Most organizations are weighed down by legacy tools and applications that were designed and deployed without long-term integration, management, governance, and adaptability in mind. Problems were considered from a limited span of processes -usually owned by a siloed function. Multiple cycles of development with this line of thinking incurred significant technological debt and required dealing with incompatible architectures and inconsistent data structures. Rapid, agile, iterative evolution of offerings, products and processes under these circumstances is not possible. Adding new capabilities requires significant time and cost.
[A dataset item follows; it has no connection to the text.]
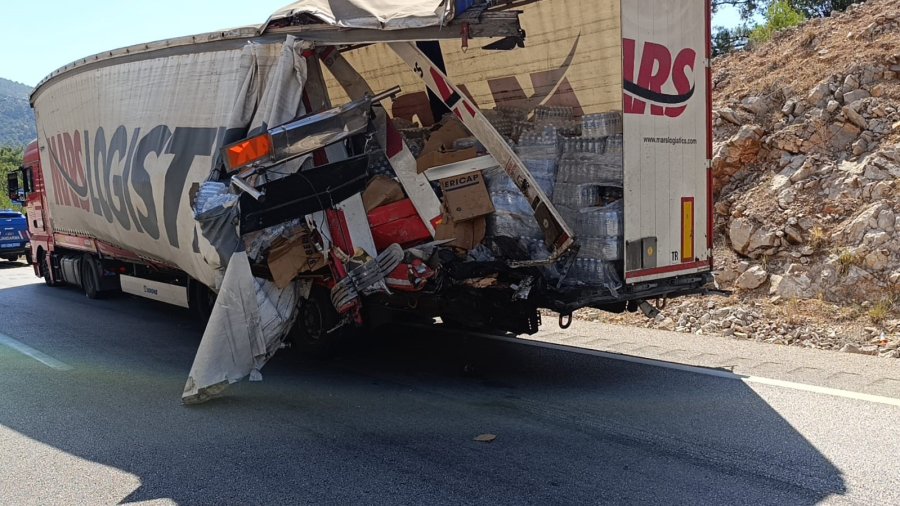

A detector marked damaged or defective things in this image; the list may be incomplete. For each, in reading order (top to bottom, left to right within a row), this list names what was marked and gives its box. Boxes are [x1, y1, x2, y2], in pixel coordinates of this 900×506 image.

damaged semi-truck [14, 0, 712, 404]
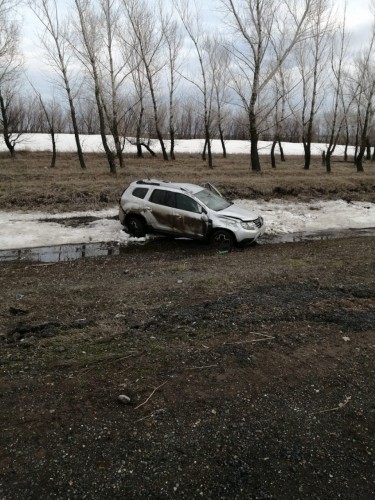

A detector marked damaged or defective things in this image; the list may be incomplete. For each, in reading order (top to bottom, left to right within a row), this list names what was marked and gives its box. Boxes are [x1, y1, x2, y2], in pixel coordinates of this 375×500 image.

crashed white suv [119, 180, 266, 250]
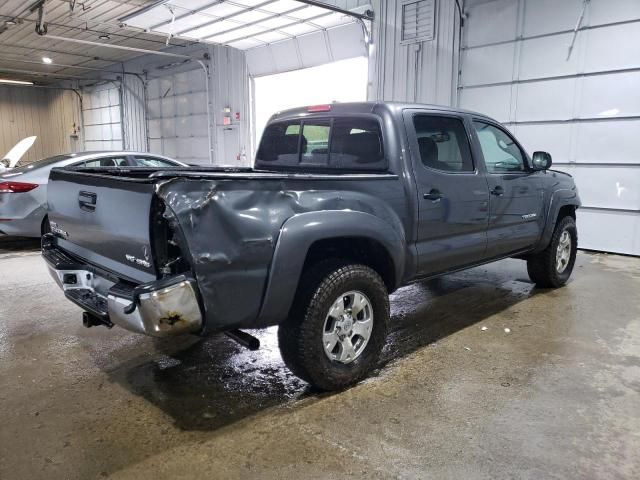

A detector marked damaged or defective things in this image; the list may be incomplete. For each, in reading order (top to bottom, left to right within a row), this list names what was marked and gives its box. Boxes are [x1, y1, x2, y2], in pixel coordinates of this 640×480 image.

All of this adds up to a lumbering, complex ecosystem of tools, technologies, and processes that is difficult to modify, leading to an inability to respond to customer and market changes in a timely fashion.
But wait, there’s hope
It is possible to remediate some of these challenges without a massive, risky “rip and replace” approach. Data virtualization, ontology-driven integration layers, semantic search/unified information access tools, and back-end robotic process automation (RPA) are all viable approaches to help organizations make up for their past digital sins. A good starting point is to inventory data sources, develop ownership policies, establish quality measures, map trust dependencies and create consistent reference architectures. As clean, consistent, quality data is the fuel for the organization’s applications, the role of a Chief Data Officer may prove to be a valuable catalyst for effecting needed process and culture change.
CIOs and CTOs need to be aware of emerging technologies and their potential, but also to understand the foundational elements that are required to achieve this potential and not let their business stakeholders get distracted by slick vendor demos. CIO’s also need to help the business understand the business’s role in owning the data that enables the advanced capabilities to serve customers, and to help foster a mindset that is focused on coordinated action rather than decisions made in isolation. Getting that buy-in can go a long way toward improving the business/IT partnerships.